> [AIM OF THE TASK]: Copy out word for word the line with "Close up of" and the lines that follow it in the listing below, up to the final one.

'''

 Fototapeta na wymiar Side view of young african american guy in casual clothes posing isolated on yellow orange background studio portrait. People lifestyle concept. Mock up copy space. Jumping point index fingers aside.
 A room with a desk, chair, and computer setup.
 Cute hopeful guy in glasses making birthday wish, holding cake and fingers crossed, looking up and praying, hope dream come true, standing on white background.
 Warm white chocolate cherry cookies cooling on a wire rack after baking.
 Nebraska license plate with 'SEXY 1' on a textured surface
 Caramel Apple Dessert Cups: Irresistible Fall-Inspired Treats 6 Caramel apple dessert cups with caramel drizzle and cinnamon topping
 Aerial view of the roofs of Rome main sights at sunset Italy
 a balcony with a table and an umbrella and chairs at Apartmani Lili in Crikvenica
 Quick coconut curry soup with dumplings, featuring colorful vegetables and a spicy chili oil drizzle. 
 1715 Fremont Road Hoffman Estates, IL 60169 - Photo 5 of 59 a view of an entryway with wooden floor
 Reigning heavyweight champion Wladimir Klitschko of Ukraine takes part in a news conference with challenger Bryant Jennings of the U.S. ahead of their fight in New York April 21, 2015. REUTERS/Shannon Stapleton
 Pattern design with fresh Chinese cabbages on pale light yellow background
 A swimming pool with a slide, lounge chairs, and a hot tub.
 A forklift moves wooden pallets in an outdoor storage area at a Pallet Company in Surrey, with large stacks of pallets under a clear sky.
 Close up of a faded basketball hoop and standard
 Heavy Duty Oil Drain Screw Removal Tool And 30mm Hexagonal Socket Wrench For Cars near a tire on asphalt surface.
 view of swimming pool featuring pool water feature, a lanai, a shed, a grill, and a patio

'''

> [WRITTEN SOLUTION]:
 Close up of a faded basketball hoop and standard
 Heavy Duty Oil Drain Screw Removal Tool And 30mm Hexagonal Socket Wrench For Cars near a tire on asphalt surface.
 view of swimming pool featuring pool water feature, a lanai, a shed, a grill, and a patio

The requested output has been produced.